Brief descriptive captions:
# # # # # # #

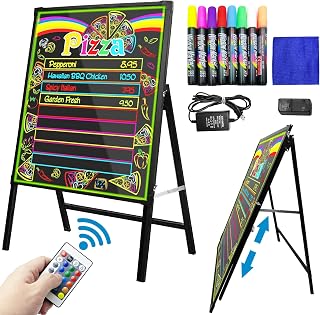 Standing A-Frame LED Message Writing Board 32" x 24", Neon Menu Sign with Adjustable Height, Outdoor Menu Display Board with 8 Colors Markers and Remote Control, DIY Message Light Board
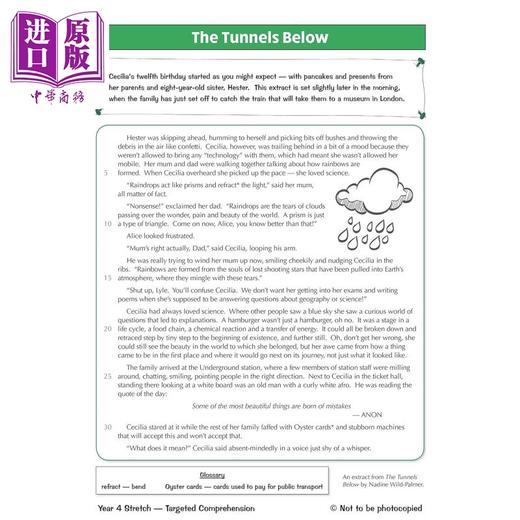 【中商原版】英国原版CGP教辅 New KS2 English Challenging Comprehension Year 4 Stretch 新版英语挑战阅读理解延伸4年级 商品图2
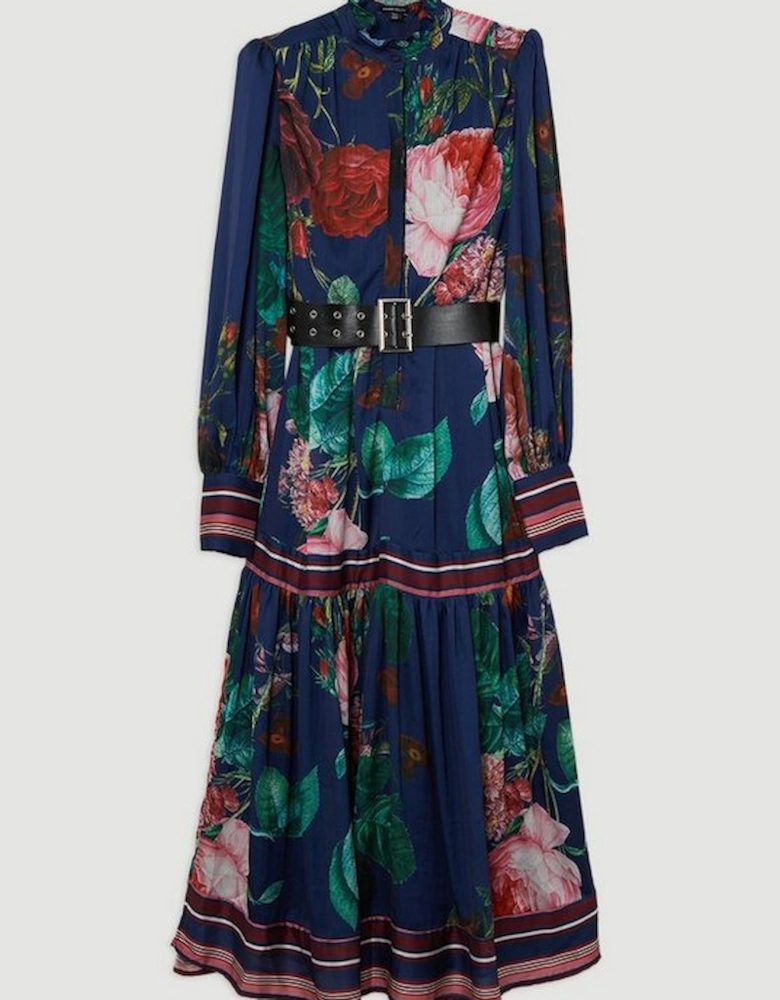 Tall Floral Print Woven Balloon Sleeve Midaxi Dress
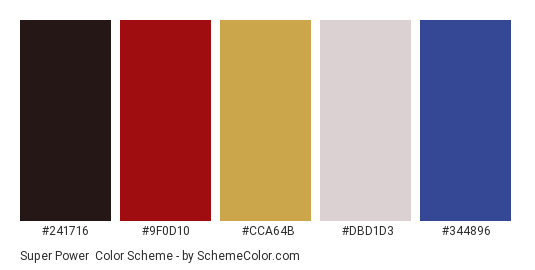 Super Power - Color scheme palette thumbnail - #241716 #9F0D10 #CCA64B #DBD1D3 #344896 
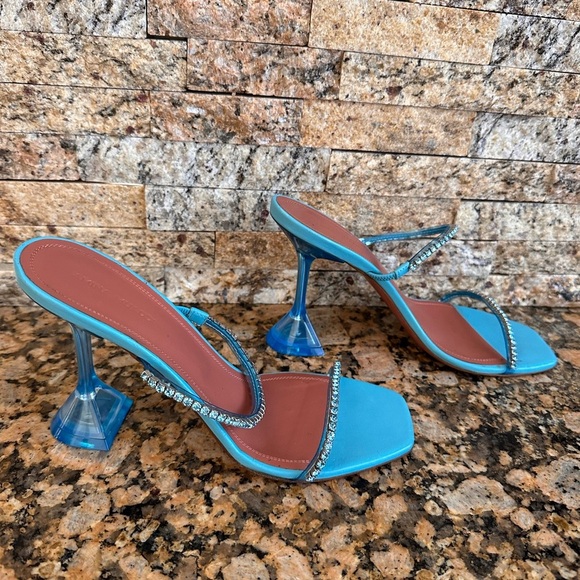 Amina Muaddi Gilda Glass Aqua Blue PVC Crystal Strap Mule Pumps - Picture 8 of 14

# # # # # # #

### Required work
Your answer must be the lines from the opening line of the entries through the line holding "Tall Floral Print", written out exactly and without any picture.

### Answer to this exercise
 Standing A-Frame LED Message Writing Board 32" x 24", Neon Menu Sign with Adjustable Height, Outdoor Menu Display Board with 8 Colors Markers and Remote Control, DIY Message Light Board
 【中商原版】英国原版CGP教辅 New KS2 English Challenging Comprehension Year 4 Stretch 新版英语挑战阅读理解延伸4年级 商品图2
 Tall Floral Print Woven Balloon Sleeve Midaxi Dress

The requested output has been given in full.